St³ — the Stealing Static Stack

A very fast lock-free, bounded, work-stealing queue with stack-like (LIFO) semantic for the worker thread and FIFO stealing.

Overview

The Go scheduler and the [Tokio] runtime are examples of high-performance schedulers that rely on fixed-capacity (bounded) work-stealing queues to avoid the allocation and synchronization overhead associated with unbounded queues such as the Chase-Lev work-stealing deque (used in particular by [Crossbeam Deque]). This is a natural design choice for schedulers that use a global injector queue as the latter often can, at nearly no extra cost, buffer the overflow should a local queue becomes full.

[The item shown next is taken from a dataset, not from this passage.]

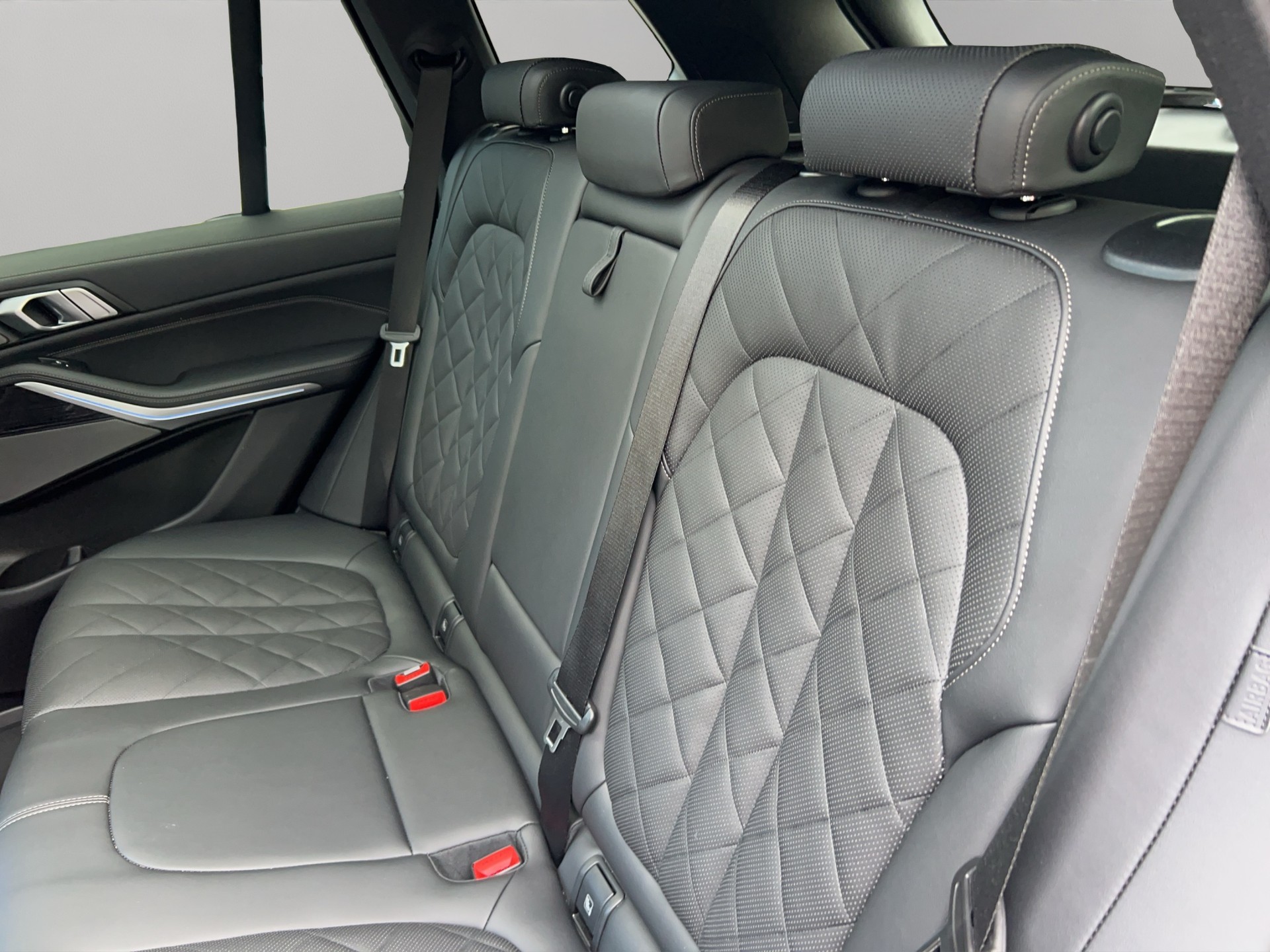 BMW X5 xDrive 50e M Sport Steptronic-image-19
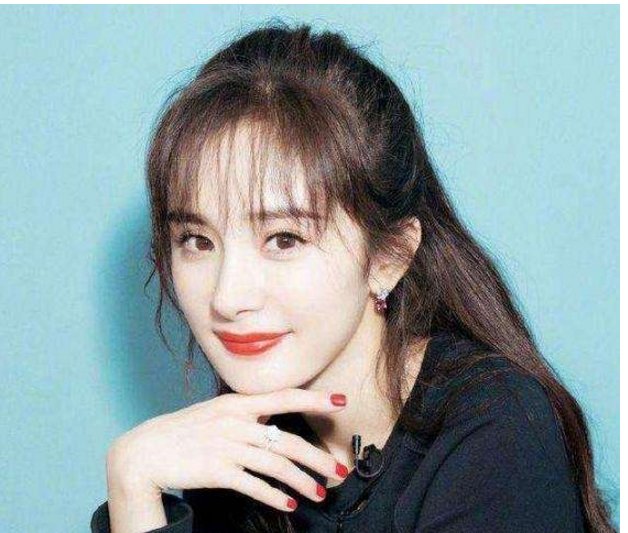 终于回应离婚传闻，却是打太极，网友:大幂幂到底离婚没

The Go and Tokio schedulers use FIFO local queues to ensure fairness. For schedulers that do not require fairness, however, LIFO queues can provide better performance since dequeued tasks are more likely to have their associated data still available in the CPU cache[^1]. Moreover, contention between workers and stealers is reduced since items are popped and stolen from opposite ends.

For such use-cases, St³ constitutes a faster, fixed-size alternative to the Chase-Lev deque with even slightly better performance than the Tokio work-stealing queue.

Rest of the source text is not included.